In a capitalist society, those who perform services for free are either martyrs, deceived , or fools. Marriage, the way it is idealized today, confounds all three. The woman is expected not only to perform her jobs of nurturance and support for the husband and family, but she is expected to provide that “little extra” in the way of income from a second job to make ends meet. Her normal “work load” is a full time housewife job and a job on the side to produce extra income. For the full time housewife job, she is paid nothing. The money she earns at the second job is appropriated by the family. Of course, everyone loves and appreciates her until the kids are grown and the husband decides that he wants to feel young again. He divorces her, marries his secretary who is 25 years younger, and leaves his wife to fetch for herself.

For contemporary feminists, then, marriage is an institution which enslaves women. Women are economic servants of men who dominate through an intricate system of religious, social and political mores. (The following arguments are quick summaries or paraphrased versions of Sandra Bartky (See “Psychological Oppression” in Philosophy and Women, edited by Sharon Bishop and Majorie Weinzweig (Belmont, Cal.: Wadsworth Publishing Co., Inc. 1979) and Shulamith Firestone (See The Dialectic of Sex, William Morrow & Co., Inc. 1970). Their articles on this subject are highly recommended.

Let’s take a look at a few of their critiques of the sexual mores of our culture. Society condones or promotes the following conditions of behavior for women. Why? Because they are tactics used by men to enslave women. The tactics are so insidious that women are often not even aware of the manipulation. Bartky and Firestone critique those mores.

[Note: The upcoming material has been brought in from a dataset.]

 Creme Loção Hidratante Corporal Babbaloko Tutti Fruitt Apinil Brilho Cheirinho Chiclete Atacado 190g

1. Women are naturally ugly. The fashion world of today is vigorous and amazing. There is glamour, romance, endeavor and big business imbedded in it. Everyone waits for a look at the latest (season’s) fashions. The models parade the new looks across the catwalks to the blaring music and the oohs and ahhs of the watching crowds. The astounding beauty of women is made clear to the world.

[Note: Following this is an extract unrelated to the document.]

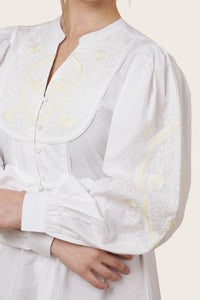 embroidered casual midi dress off white Available in s to 3xl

But, wait. Is it? What beauty are we talking about?

Women wear make-up and fashion clothes. Why? Because they think that they ought to. Why? Because they think that they are not beautiful without the fashion and make-up. What!?? The message of the fashion artists and make-up producers is clear; women in their natural state are not beautiful. That is, beautiful enough in the eyes of the beholder --who is a man. The models portrayed in the magazines are all creatures of impossible diets, physical attributes which photograph well but are out of the ordinary and photographic darkroom techniques. No woman can look like all the models parading down the causeway, yet they are encouraged to do just that by buying the different clothing and make-up and “refurbishing” themselves each day into a “new woman.” Again, why? To keep the continued interest of men, who always have a wandering eye for the “new look.”

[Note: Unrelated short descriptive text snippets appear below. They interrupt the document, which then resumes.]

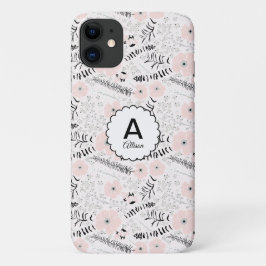 Gray Pink Whimsical Flowers Monogram Case-Mate iPhone Case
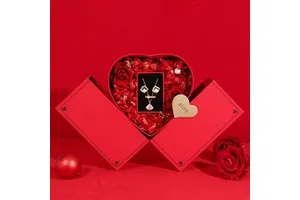 Valentine's Day Heart-shaped Eternal Flower Real Rose Lipstick & Perfume Gift Box From Zhejiang Made in China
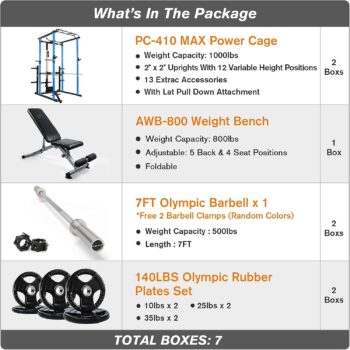 RitFit Squat Rack Power Cage Home Gym Package, Includes 1000LBS Power Rack with Optional LAT Pull Down or Cable Crossover System, Weight Bench, Rubber/Bumper Plates Set with Olympic Barbell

There is a very subtle catch to the whole process. The photograph of the fashion model in a magazine is a fiction. No woman could ever look like her (not even the model herself), for the image is a creation of the technology of make-up and darkroom techniques. Yet, this image is set up as the ideal towards which women are encouraged to strive. The underlying suggestion is that the closer a woman comes to the look of the model, the more appealing she will be. This rule applies to all women. Which means that all women are encouraged to seek the same kinds (if not the one kind) of look. Each woman will think to herself, “If I get the new hairdo just like the one the model has, then I will be distinct from all the other women. My individual nature will stand out and I will be noticed. So, make me over now so that I may gain individuality and stand out from the herd.”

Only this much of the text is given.